NPPC says independent veterinarian has confirmed no inhumane treatment at facility in question

Published on: Oct 30, 2013

The animal rights group Mercy for Animals Tuesday released new footage of what it deemed "horrific abuses" of pregnant sows at Pipestone System's Rosewood Farms in Minnesota, calling on consumers to quit purchasing pork from one of the farm's buyers, Walmart.

MFA said the footage, which was shot with a hidden camera, shows "pregnant pigs confined for nearly their entire lives in crates barely larger than their own bodies, and piglets being slammed headfirst into the ground and having their testicles ripped out and tails cut off without painkillers."

In response to the video, the National Pork Producers Council said it was "questionable," noting that an independent veterinarian who was taken by law enforcement to review the facility determined there were no signs of inhumane treatment.
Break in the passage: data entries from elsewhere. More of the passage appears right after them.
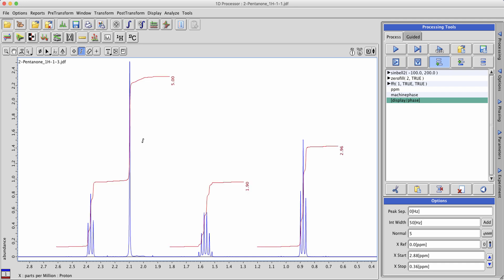Note that once integrals are defined and you save your data, those integrals will persist for future use.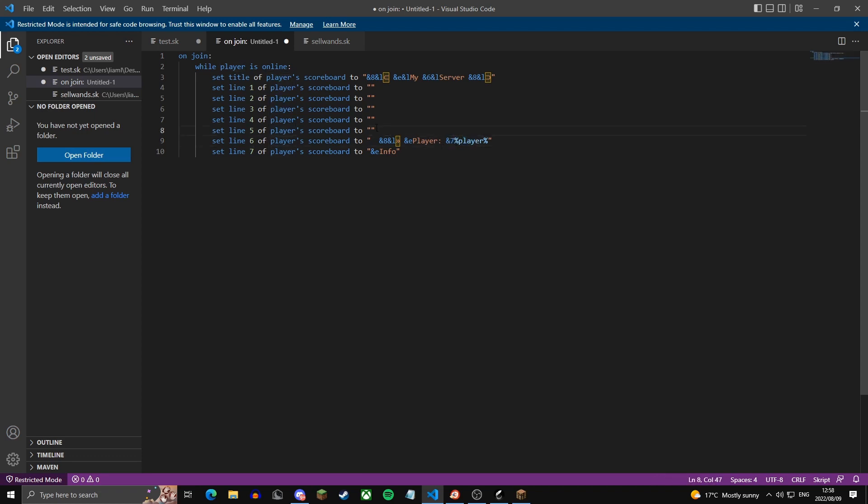On this line, I'm going to make it say the active player count of the server. So in grey, size players. Then we're going to make a slash in dark grey, then grey again, max players. And at the end, I'm going to put players in yellow.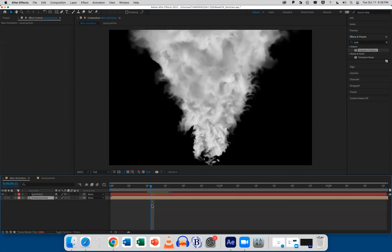A particle is something that is born, lives for a certain amount of time, does something, and then goes off the screen. Particle systems spread those particles out in whatever way you choose. There are a couple in After Effects that are pretty decent, and then there are third-party plugins you can pay for.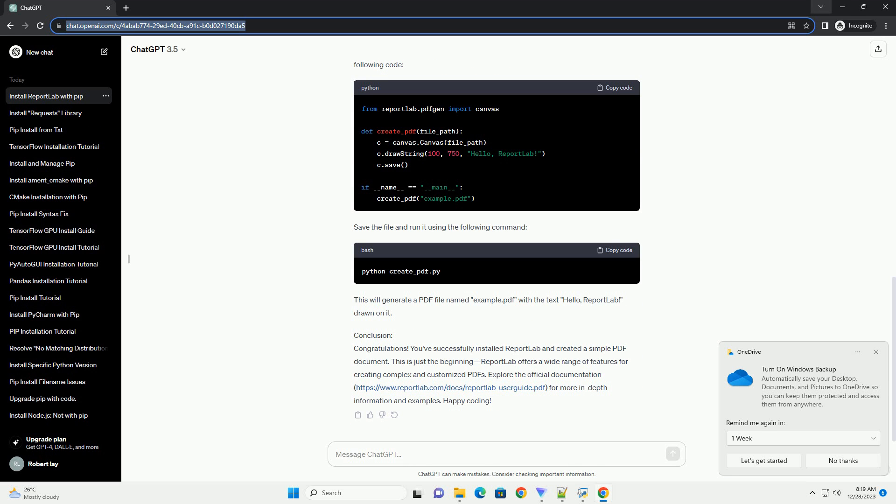Step 5: Create a Simple PDF Document. Now that you have ReportLab installed, let's create a simple PDF document. Open your preferred text editor and create a new Python script, example_create_pdf.py. Enter the following code.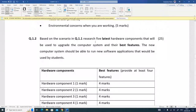Question 1.2 says: based on question 1.1, research five latest hardware components that will be used to upgrade the computer system and describe their best features. Remember, the college cannot afford to replace everything — so we look at existing computers and determine what can be upgraded: the CPU, RAM, hard drive, motherboard, as necessary.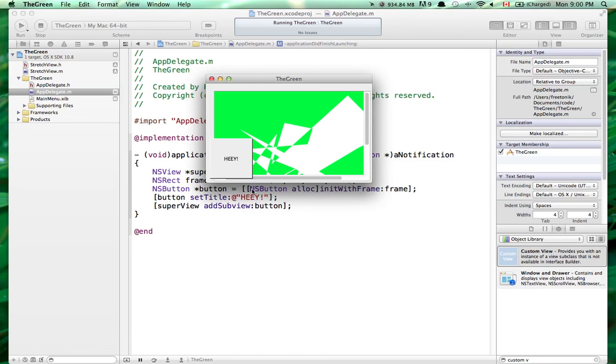Okay, so this is it for lecture 11. Work on project 3 and see you next week.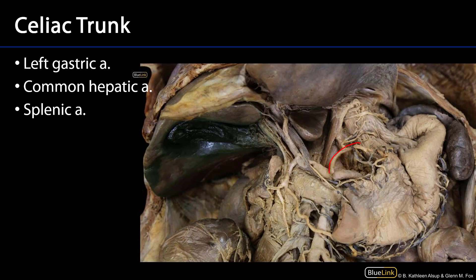Superiorly, we have the left gastric artery. The left gastric artery is going to supply blood up to the esophagus. It's also going to be one of the dominant blood supplies to the lesser curvature of the stomach, and its branches will fall over both sides of the stomach.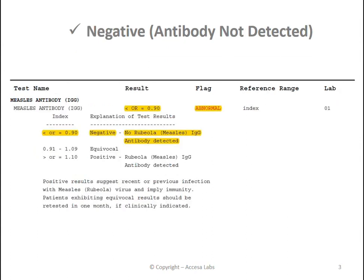Now let's take a look at a negative result. Once again, we will look for the numerical result under the result heading here. This report has a result of less than or equal to 0.90. You might also notice the abnormal notation under the flag header.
Accordingly, no charges were filed, NPPC said.

NPPC says independent veterinarian has confirmed no inhumane treatment at facility in question
NPPC says independent veterinarian has confirmed no inhumane treatment at facility in question

The facility, however, did fire one employee who was implicated in the video, according to a statement from Pipestone System.

"The Pipestone System does not condone any type of willful animal abuse," the statement said, further noting that all employees receive animal welfare training that requires each employee to sign a commitment to immediately report suspected abuse or mistreatment.

The employee believed to be responsible for the undercover video, Jessica Marie Buck, signed the commitment, Pipestone said, but did not report any abuse or mistreatment, violating the farm's welfare policy.

"It is clear that Ms. Buck did not take specific actions aimed at protecting the welfare of the animals as the Pipestone System policies dictate, but instead was solely motivated to obtain undercover footage for Mercy for Animals without any true regard for the immediate welfare of the animals," said Dr. Luke Minion, Pipestone CEO.